▸ **How to complete this task**: Copy nothing but the lines below, from the one with "WIsata Kopeng Salatiga - Umbul Songo" through the one with "Iolida Corfu Resort & Spa by Smile Hotels", exactly as written; no pictures should appear.

Segment Start: Listed entries

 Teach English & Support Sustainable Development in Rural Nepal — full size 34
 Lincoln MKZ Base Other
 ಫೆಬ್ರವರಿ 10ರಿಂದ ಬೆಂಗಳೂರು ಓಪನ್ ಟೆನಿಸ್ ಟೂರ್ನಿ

Segment End: Listed entries
Segment Start: Listed entries

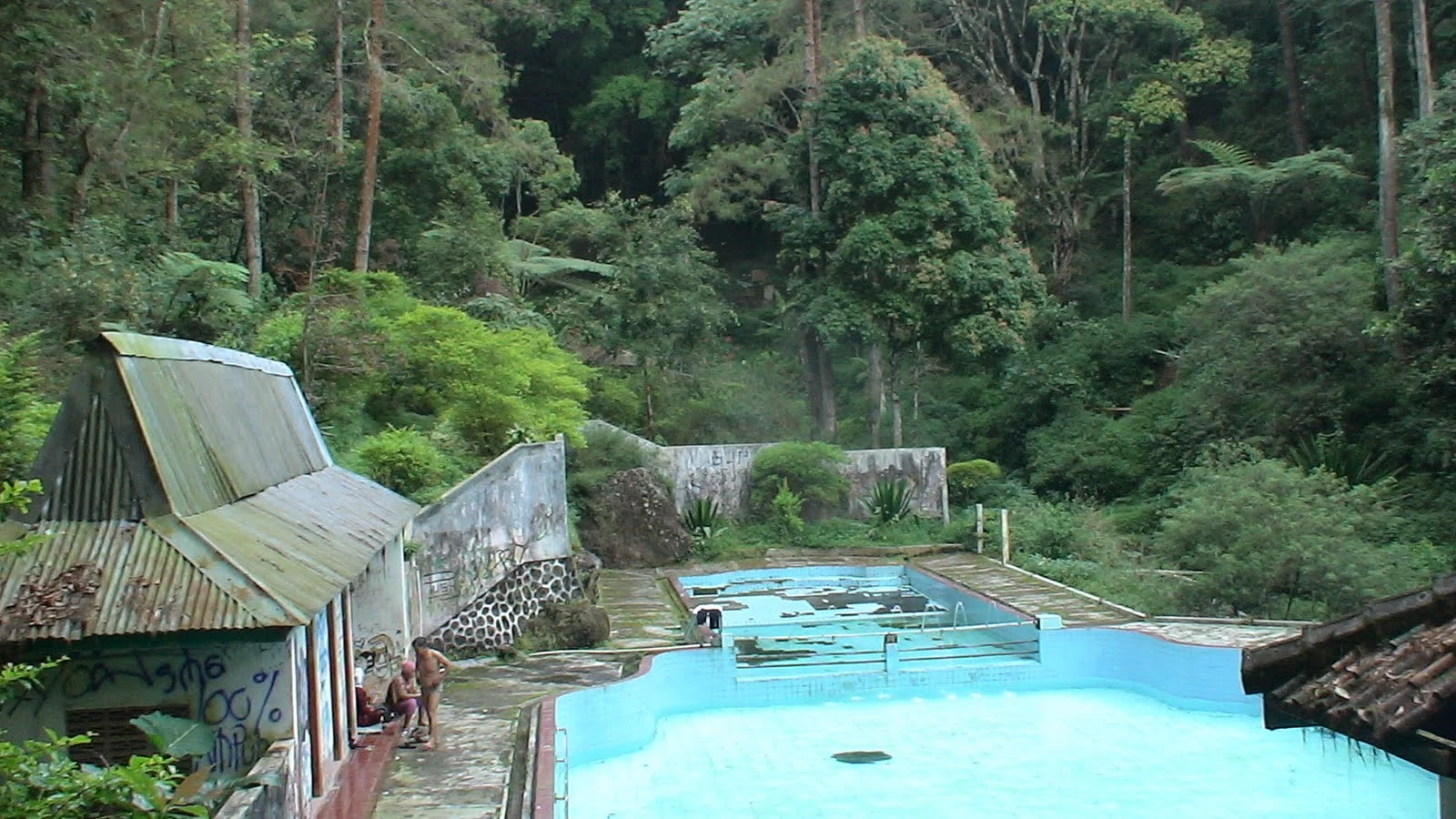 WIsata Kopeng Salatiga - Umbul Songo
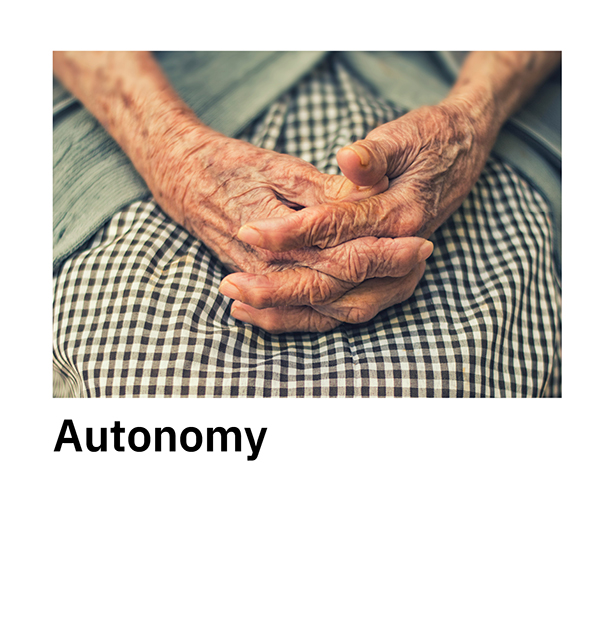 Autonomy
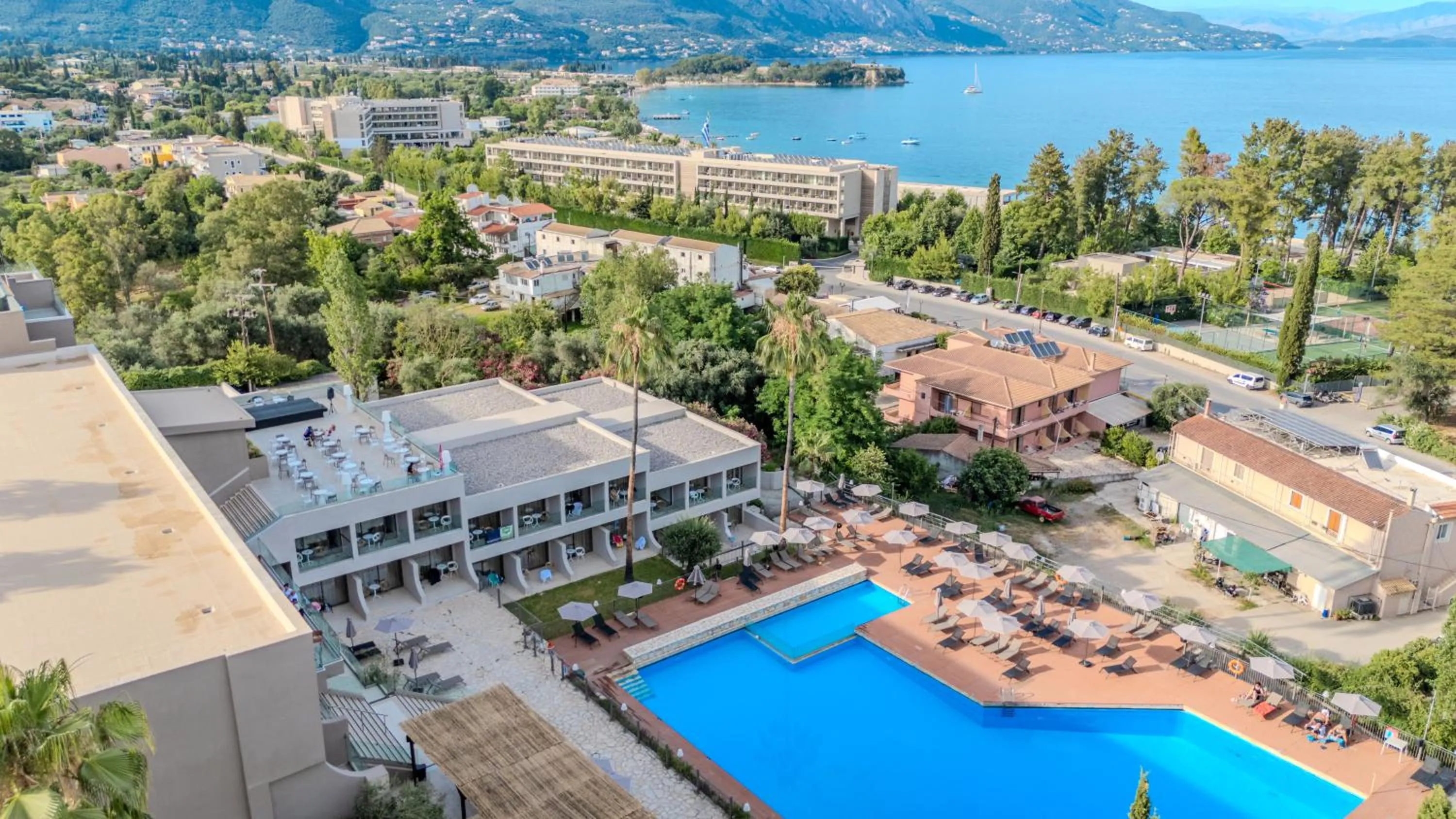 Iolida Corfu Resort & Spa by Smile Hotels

Segment End: Listed entries

▸ **Response**:
 WIsata Kopeng Salatiga - Umbul Songo
 Autonomy
 Iolida Corfu Resort & Spa by Smile Hotels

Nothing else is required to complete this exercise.